• **YOUR INSTRUCTIONS**
Retype word for word the lines of the data below, from the first to the one bearing "Ico Parisi Style", with that one included.

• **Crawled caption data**
^^^^^^^^
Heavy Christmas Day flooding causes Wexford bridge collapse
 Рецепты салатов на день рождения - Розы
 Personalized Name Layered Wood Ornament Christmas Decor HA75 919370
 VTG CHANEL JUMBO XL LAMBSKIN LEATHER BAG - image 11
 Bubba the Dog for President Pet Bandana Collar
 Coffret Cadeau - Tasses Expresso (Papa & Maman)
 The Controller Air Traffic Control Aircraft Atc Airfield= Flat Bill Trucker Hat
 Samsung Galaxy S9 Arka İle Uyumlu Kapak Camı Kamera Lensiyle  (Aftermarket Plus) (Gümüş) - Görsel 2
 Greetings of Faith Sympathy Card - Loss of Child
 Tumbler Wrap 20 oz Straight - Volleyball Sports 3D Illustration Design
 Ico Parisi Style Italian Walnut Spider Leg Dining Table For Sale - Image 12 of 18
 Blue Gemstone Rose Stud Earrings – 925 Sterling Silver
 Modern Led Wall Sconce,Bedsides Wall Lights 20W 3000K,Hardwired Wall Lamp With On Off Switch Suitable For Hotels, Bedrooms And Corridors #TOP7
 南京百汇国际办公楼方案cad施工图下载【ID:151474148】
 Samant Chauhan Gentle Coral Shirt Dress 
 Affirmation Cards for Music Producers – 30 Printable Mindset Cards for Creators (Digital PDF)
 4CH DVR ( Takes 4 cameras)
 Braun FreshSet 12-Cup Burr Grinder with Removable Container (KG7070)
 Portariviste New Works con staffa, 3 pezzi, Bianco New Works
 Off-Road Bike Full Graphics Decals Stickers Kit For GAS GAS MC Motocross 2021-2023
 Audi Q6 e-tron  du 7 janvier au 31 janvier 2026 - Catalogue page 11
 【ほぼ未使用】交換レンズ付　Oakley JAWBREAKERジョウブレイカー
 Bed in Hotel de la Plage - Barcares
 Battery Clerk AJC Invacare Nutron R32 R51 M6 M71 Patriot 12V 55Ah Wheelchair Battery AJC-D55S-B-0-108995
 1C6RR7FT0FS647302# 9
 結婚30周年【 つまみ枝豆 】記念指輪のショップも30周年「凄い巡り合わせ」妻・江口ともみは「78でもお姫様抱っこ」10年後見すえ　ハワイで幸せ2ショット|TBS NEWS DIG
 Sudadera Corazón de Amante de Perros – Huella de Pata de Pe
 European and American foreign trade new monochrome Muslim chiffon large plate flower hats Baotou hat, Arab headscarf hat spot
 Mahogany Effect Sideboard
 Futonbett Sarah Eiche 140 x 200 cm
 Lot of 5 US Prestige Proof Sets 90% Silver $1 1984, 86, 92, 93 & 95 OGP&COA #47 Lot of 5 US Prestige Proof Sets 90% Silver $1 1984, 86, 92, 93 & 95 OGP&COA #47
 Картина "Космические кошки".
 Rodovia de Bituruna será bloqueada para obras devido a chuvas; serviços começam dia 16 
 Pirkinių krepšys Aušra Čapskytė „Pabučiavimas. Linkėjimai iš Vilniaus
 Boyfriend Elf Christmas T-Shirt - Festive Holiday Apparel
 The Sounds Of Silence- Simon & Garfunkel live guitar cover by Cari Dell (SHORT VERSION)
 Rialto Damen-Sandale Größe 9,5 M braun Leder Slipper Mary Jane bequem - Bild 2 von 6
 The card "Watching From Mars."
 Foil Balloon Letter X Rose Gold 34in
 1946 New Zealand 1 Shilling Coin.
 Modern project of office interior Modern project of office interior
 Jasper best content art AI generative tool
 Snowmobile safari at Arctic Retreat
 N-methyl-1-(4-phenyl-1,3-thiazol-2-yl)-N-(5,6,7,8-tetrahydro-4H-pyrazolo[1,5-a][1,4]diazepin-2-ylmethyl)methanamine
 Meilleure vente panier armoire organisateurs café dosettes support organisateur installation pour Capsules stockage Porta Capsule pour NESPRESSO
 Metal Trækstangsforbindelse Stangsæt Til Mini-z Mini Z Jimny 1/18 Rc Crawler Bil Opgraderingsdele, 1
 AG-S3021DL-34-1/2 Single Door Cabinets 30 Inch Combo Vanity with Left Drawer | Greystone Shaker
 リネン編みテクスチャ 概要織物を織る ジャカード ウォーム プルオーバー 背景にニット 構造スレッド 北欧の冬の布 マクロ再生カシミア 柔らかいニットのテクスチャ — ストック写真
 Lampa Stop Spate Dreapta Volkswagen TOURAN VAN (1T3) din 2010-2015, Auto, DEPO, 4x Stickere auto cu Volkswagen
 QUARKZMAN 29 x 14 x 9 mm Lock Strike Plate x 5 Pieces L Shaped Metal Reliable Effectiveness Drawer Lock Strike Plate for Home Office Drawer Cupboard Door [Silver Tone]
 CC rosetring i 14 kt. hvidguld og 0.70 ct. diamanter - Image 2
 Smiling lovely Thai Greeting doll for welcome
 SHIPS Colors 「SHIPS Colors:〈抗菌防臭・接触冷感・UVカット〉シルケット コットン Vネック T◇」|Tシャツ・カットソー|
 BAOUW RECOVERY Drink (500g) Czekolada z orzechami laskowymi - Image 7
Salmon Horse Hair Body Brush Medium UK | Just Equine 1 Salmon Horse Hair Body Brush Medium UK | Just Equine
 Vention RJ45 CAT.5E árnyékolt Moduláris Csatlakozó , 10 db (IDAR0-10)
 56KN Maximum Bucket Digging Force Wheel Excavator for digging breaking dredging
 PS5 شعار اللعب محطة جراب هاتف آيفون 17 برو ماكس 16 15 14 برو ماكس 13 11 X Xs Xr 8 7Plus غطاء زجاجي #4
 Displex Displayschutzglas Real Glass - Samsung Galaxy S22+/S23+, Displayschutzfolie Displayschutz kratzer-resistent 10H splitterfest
^^^^^^^^
• **RESPONSE**
Heavy Christmas Day flooding causes Wexford bridge collapse
 Рецепты салатов на день рождения - Розы
 Personalized Name Layered Wood Ornament Christmas Decor HA75 919370
 VTG CHANEL JUMBO XL LAMBSKIN LEATHER BAG - image 11
 Bubba the Dog for President Pet Bandana Collar
 Coffret Cadeau - Tasses Expresso (Papa & Maman)
 The Controller Air Traffic Control Aircraft Atc Airfield= Flat Bill Trucker Hat
 Samsung Galaxy S9 Arka İle Uyumlu Kapak Camı Kamera Lensiyle  (Aftermarket Plus) (Gümüş) - Görsel 2
 Greetings of Faith Sympathy Card - Loss of Child
 Tumbler Wrap 20 oz Straight - Volleyball Sports 3D Illustration Design
 Ico Parisi Style Italian Walnut Spider Leg Dining Table For Sale - Image 12 of 18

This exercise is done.